If you Google “ryan braun first base,” you get more than 2.5 million results.
It’s a topic that’s been brought up by fans for years, dating back to 2014 or so, when Braun’s nagging injuries started to pile up. But it’s also been one that was never truly close to becoming a reality, for a variety of reasons -- either the outfield depth wasn’t quite there (Khris Davis and Gerardo Parra were eventually traded), or the team found solid enough contributors to man first (like Adam Lind, Chris Carter, and Eric Thames/Jesus Aguilar) and such a move wasn’t necessary.
But now, it seems like a distinct possibility, after the Brewers not only didn’t solve their outfield logjam, but actively built it up higher (at least at the Major League level) with the surprising additions of Christian Yelich and Lorenzo Cain on Thursday night.
”Move Braun to First” has gone from a phrase that draws eye rolls and chuckles from the reporters who cover the team to something the team may actually be considering, at least according to Ken Rosenthal.
In an article today for The Athletic (subscription required), Rosenthal says the Brewers have kicked around the idea of giving Braun starts at first base as a way to avoid having to deal budding star Domingo Santana. From the free portion of Rosenthal’s piece:
The team will continue listening to offers on Santana, as well as outfielders Keon Broxton and Brett Phillips, as it searches for starting pitching. But club officials acquired Christian Yelich and Lorenzo Cain on Thursday with the idea of them joining Santana to form potentially the best outfield in baseball, major league sources say.
Left fielder Ryan Braun, a Brewers fixture since 2007 who is owed $57 million through 2020, still would fit with the club, but not in his accustomed role as an everyday outfielder. Sources say the Brewers have discussed using Braun at first base, a position he never has played professionally. Braun, 34, could start at first against left-handed pitching while remaining part of an outfield rotation.
The Brewers likely would play Braun at first only if he was comfortable with the plan.
Coincidentally, Braun did seem comfortable with the idea just a few months ago, saying he’d be receptive to something like what’s being floated now during a radio interview with WTMJ back in October:
“If they want me to play first, I think if it’s something that’s going to help our team at any point, or if it’s just a few games depending on our personnel, I’m not opposed to it by any means. If they approach me with that, I’m open to it.”
If Braun can adjust defensively -- and if the decision is made ahead of Spring Training, there may be time for him to take a crash course at first base -- it’s an alignment that makes a lot of sense.
Rosenthal points out behind the pay wall that while Thames had a productive 2017 overall at first base, he struggled mightily in the second half and only had a .664 OPS against left-handers on the year. That led to Aguilar getting more playing time and the position eventually being split into a true (and very productive) platoon.
Braun, who has famously crushed left-handed pitching his entire career (.331/.400/.617 in more than 1500 plate appearances against them), would be a fearsome combination with Thames at first, while still likely getting starts in the outfield.

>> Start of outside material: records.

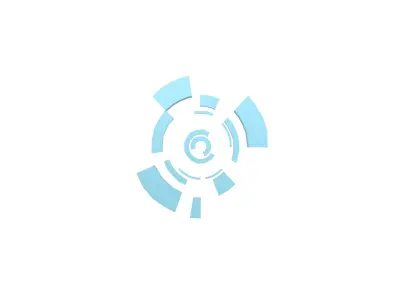 UHD High-tech Graphical Interface v3 001 Low-poly 3D model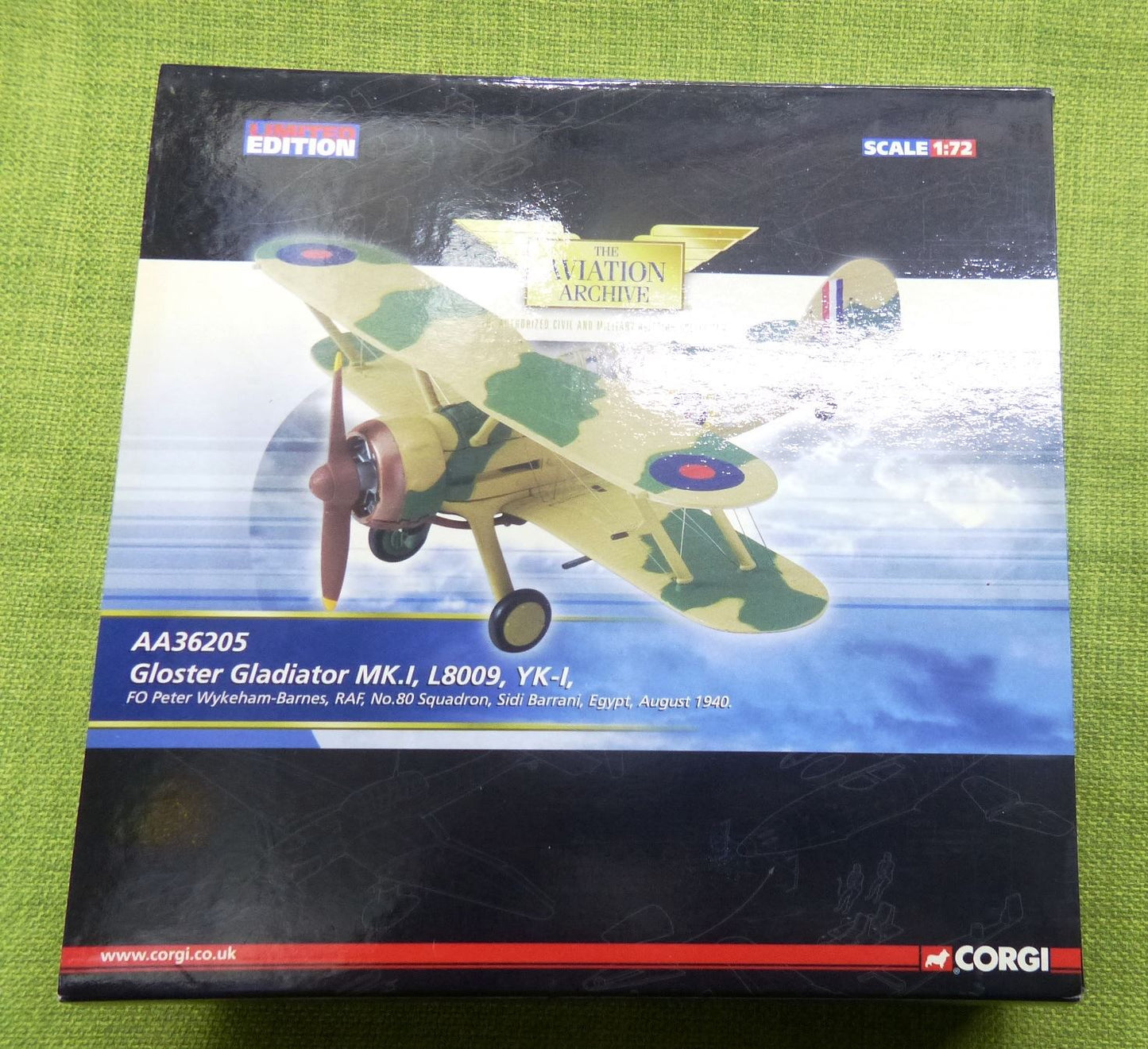 Corgi Limited Edition Scale 1:72 AA 36205 Gloster Gladiator MK.I, L8009, YK-I #6I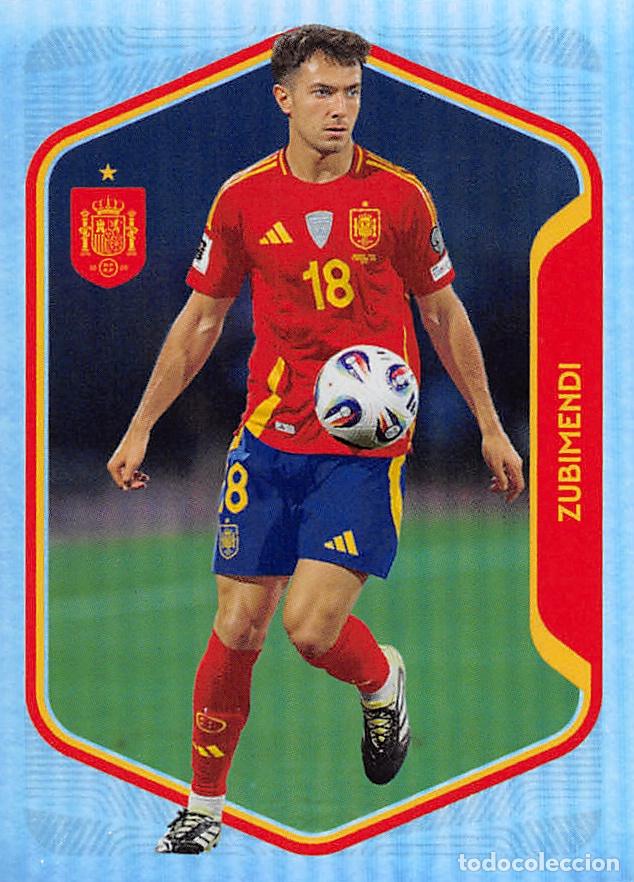 Cromos de f&uacute;tbol: PANINI CARREFOUR ESPA&Ntilde;A 2026 COLECCION OFICIAL SELECCI&Oacute;N #34 ZUBUMENDI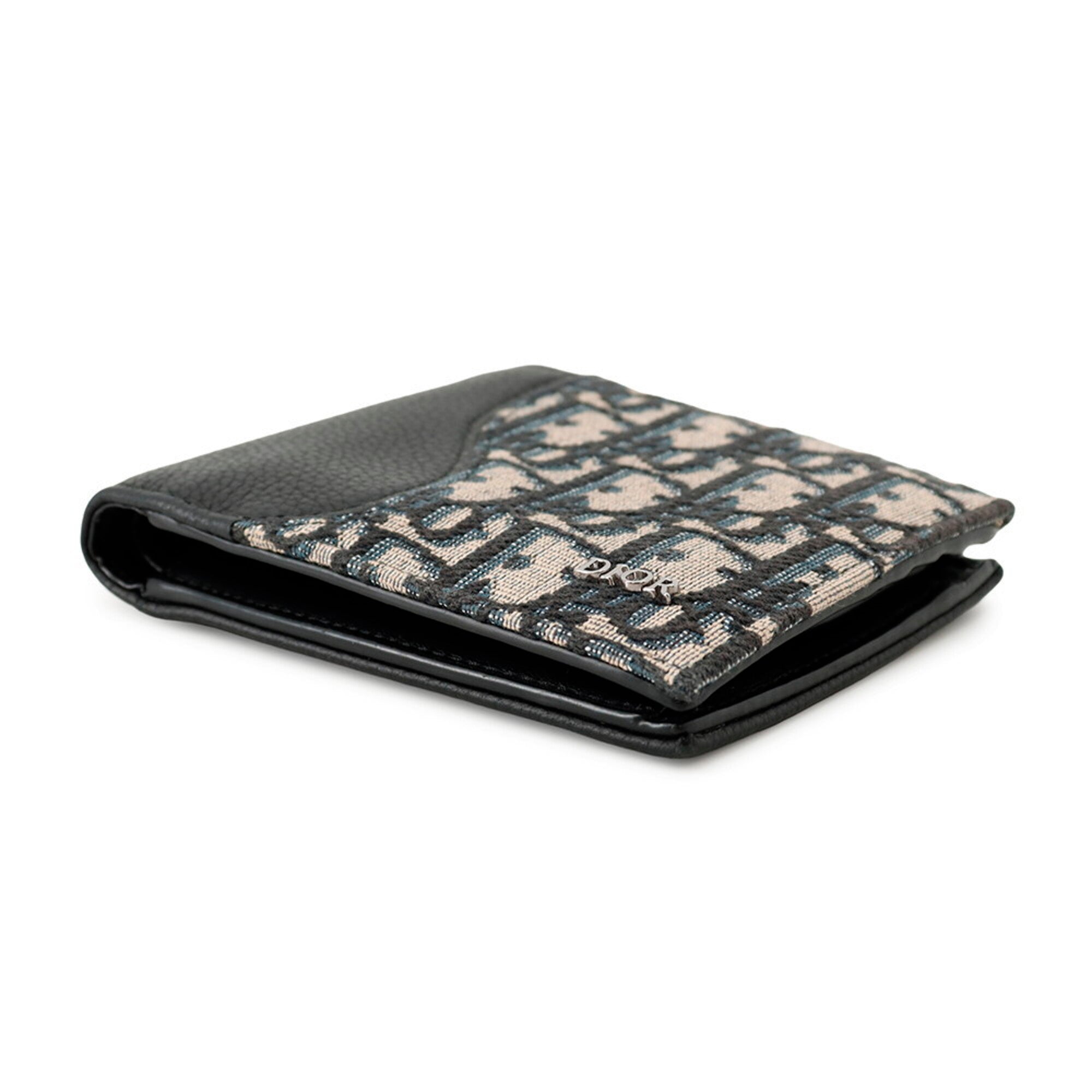Christian Dior Beige Black Jacquard Wallet (Bi-Fold) (Pre-Owned)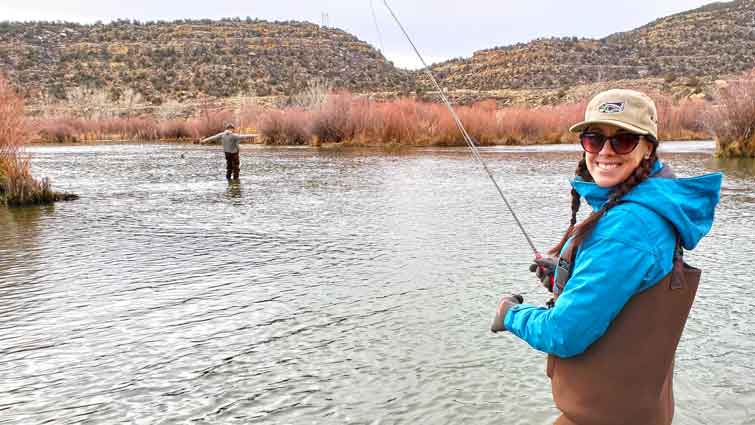 Neoprene Waders on Girl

It’s an arrangement that might also benefit Braun’s longterm health, especially after a year in which he was plagued by calf injuries playing in the outfield. Between starts at first base and his now-usual carefully managed playing schedule, there should theoretically be enough at-bats to go around for Braun, Cain, Yelich and Santana.

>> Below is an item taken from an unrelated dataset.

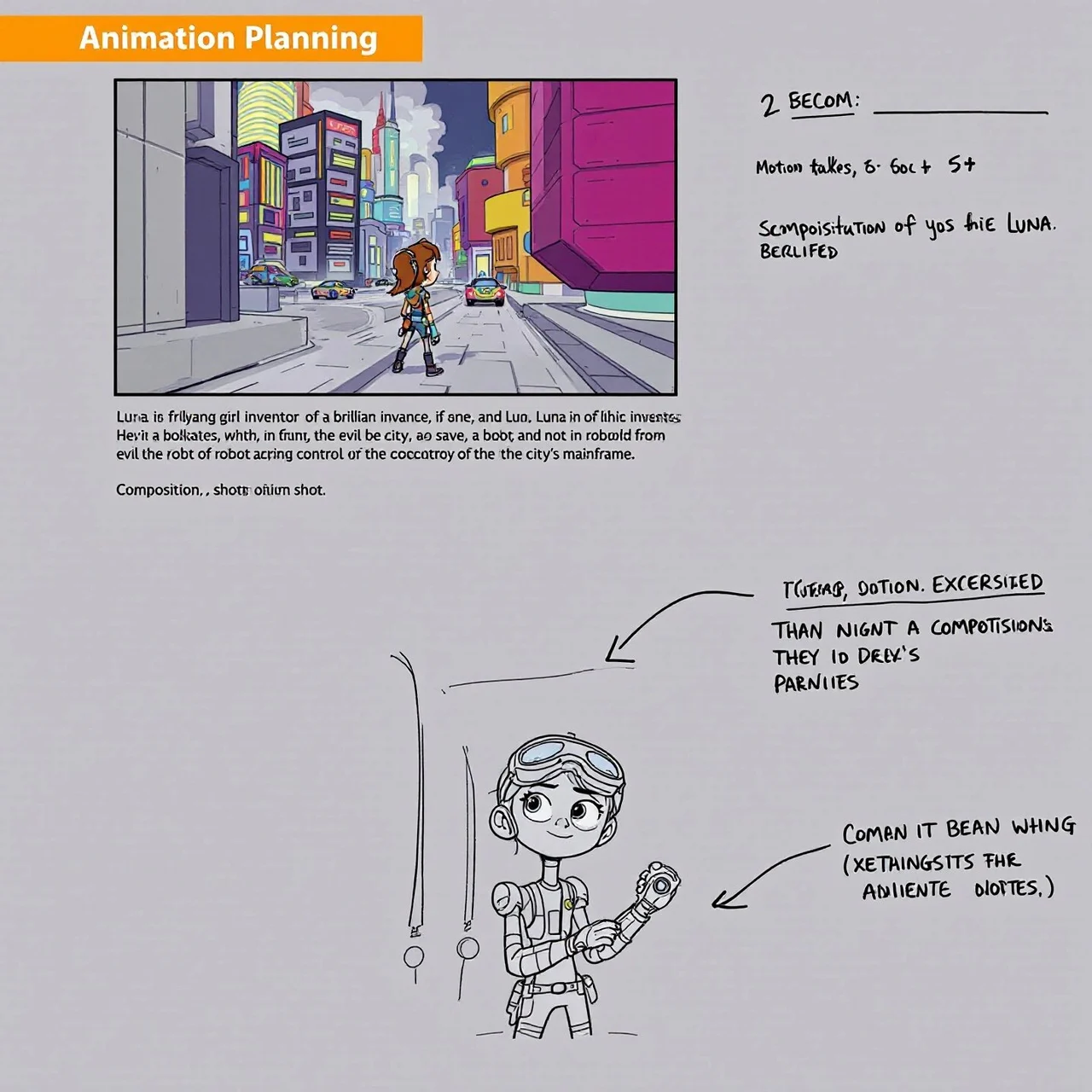 storyboard template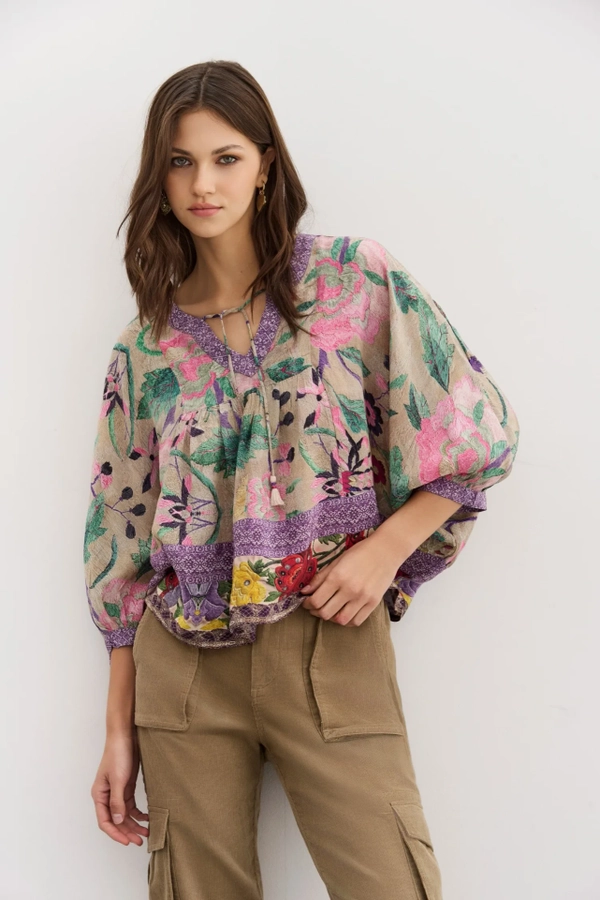camisa linar rubi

Of course, there are more mouths to feed than just those four. While shifting Braun to first base even part time might allow the Brewers enough at-bats to keep Santana, it doesn’t seem likely that there will be opportunities for one of Keon Broxton or Brett Phillips -- or even both of them, given that Cain and Yelich both can play center field.
It’s pretty clear that David Stearns’ next tactic will be trying to continue to spin that outfield depth into help elsewhere, whether it’s in the starting rotation or second base. That might still include dealing Santana, but if Rosenthal’s report is to be believed, it’s not what Stearns would prefer to do.
At Lorenzo Cain’s (re)introductory press conference, Stearns confirms that they’ll give Braun some looks at first base once everyone gets to camp next month.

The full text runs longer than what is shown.